Shlemiel is dumb, and so is strlen()

Yesterday, I finished reading Joel Spolsky's book: Joel on Software, And on Diverse and Occasionally Related Matters That Will Prove of Interest to Software Developers, Designers, and Managers, and to Those Who, Whether by Good Fortune or Ill Luck, Work with Them in Some Capacity.

This book is a spectacular compilation of Joel's articles. It is full of knowledge and stories related to his experience and career since his job at Microsoft. Even though the articles are all online, I highly recommend buying the book, because it's a lot better for your eyes to read, it's tangible, and, as Joel says in the preface:

The book you hold in your hands is, I hope, a heck of a lot more cohesive than the website, where by cohesive I mean "can be read in the bathtub without fear of electrocution".

There are some things you will never learn from his articles if you don't buy the book, because you're not going to want to read the same 346 pages in a computer screen with the information scattered all over the place.

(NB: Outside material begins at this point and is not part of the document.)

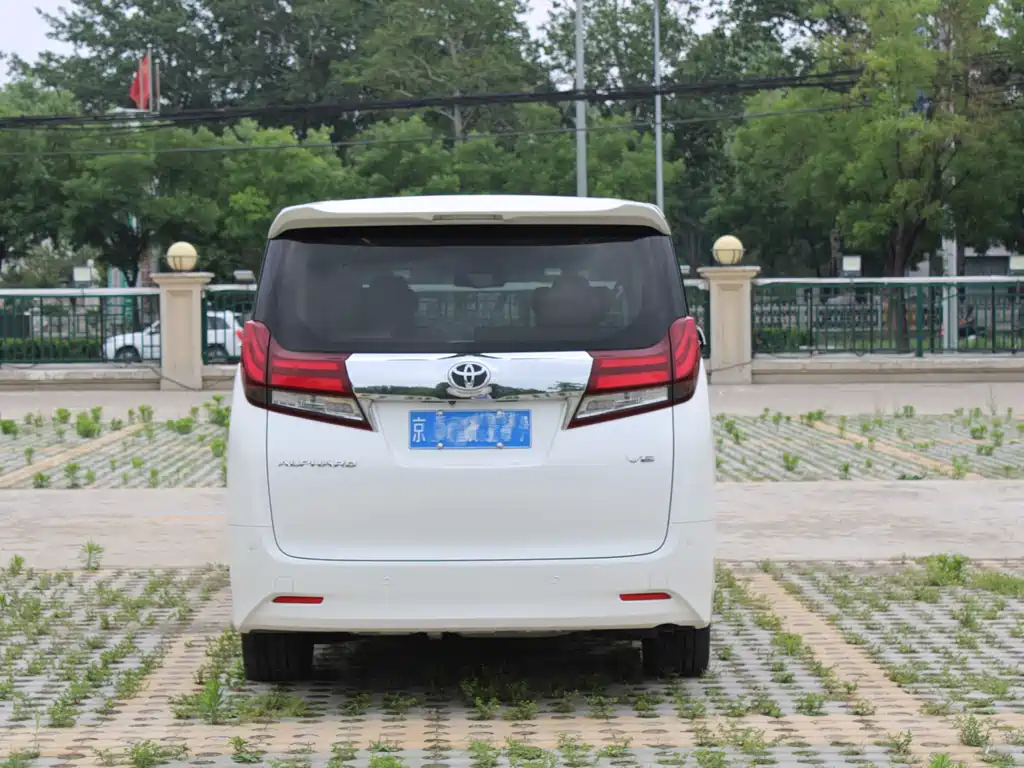 Toyota Alphard 2015 3.5L Luxury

So, today, I want to talk about something I read in this fantastic book. I'm going to write some thoughts on the Maths side of the Shelmiel The Painter joke. I highly recommend reading Joel's article on the subject before proceeding. The joke goes like this:

Shlemiel gets a job as a street painter, painting the dotted lines down the middle of the road. On the first day he takes a can of paint out to the road and finishes 300 yards of the road. "That's pretty good!" says his boss, "you're a fast worker!" and pays him a kopeck.

The next day Shlemiel only gets 150 yards done. "Well, that's not nearly as good as yesterday, but you're still a fast worker. 150 yards is respectable," and pays him a kopeck.

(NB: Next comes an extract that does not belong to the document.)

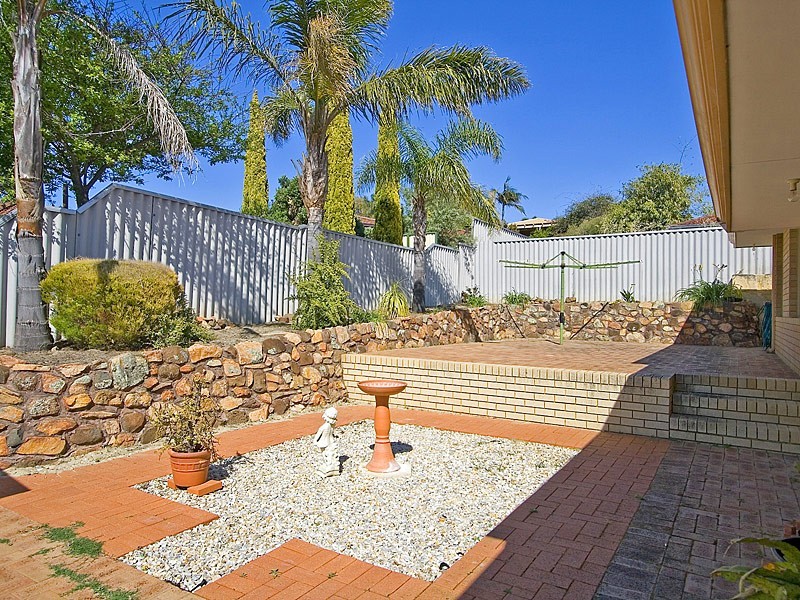 31 Whitcombe Way, Alexander Heights WA 6064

The next day Shlemiel paints 30 yards of the road. "Only 30!" shouts his boss. "That's unacceptable! On the first day you did ten times that much work! What's going on?"

"I can't help it," says Shlemiel. "Every day I get farther and farther away from the paint can!"

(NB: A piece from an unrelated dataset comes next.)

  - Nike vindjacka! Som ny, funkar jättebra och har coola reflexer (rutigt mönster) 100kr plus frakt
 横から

Shlemiel is dumb. He always paints until he's out of ink, then he goes all the way back to the paint can, and then he walks everything again up to where he stopped. Just for the fun of it, today I want to show how we can build a function \(g(j)\) that outputs the total painted yards by the end of day \(j\), since Shlemiel started his job. Of course we need some extra information. Let's assume that Shlemiel walks at a constant rate \(w\) yards/sec., paints at a constant rate \(p\) yards/sec., after picking up more ink, he can paint \(f\) yards, and he works \(d\) secs. every day. To simplify, we will assume that the action of picking up more ink from the paint can is the same as going to the paint can and coming back. We will also assume that Shlemiel starts every day from the place where the paint can is, because he must begin his work by refilling. So, putting it all together, we have this:

  • Walking rate: \(w\) yards/sec.
  • Painting rate: \(p\) yards/sec.
  • Refill distance: \(f\) yards
  • Working day duration: \(d\) secs.

Goal: Find \(g(j)\) s.t. \(g(j)\) outputs the total yards painted after \(j\) days (\(j \ge 1\)).

Let's see what happens in day 1. Shlemiel only works for \(d\) seconds, so, we have

$$ \frac {f}{p} + \frac {f}{w} + \frac {f}{w} + \frac {f}{p} + \frac {f+f}{w} + \frac {f+f}{w} + \frac {f}{p} + \frac {f+f+f}{w} + \frac {f+f+f}{w} + \dots = d $$

What's this? This is the time he's spending. First, he takes \(\frac{f}{p}\) time to paint \(f\) yards.

Then he goes out of ink, and because he already painted \(f\) yards, he walks for \(\frac {f}{w}\) seconds to go back to the paint can; he refills, and then he walks those \(f\) yards again, spending another \(\frac {f}{w}\) seconds. Afterwards, he paints \(f\) yards again.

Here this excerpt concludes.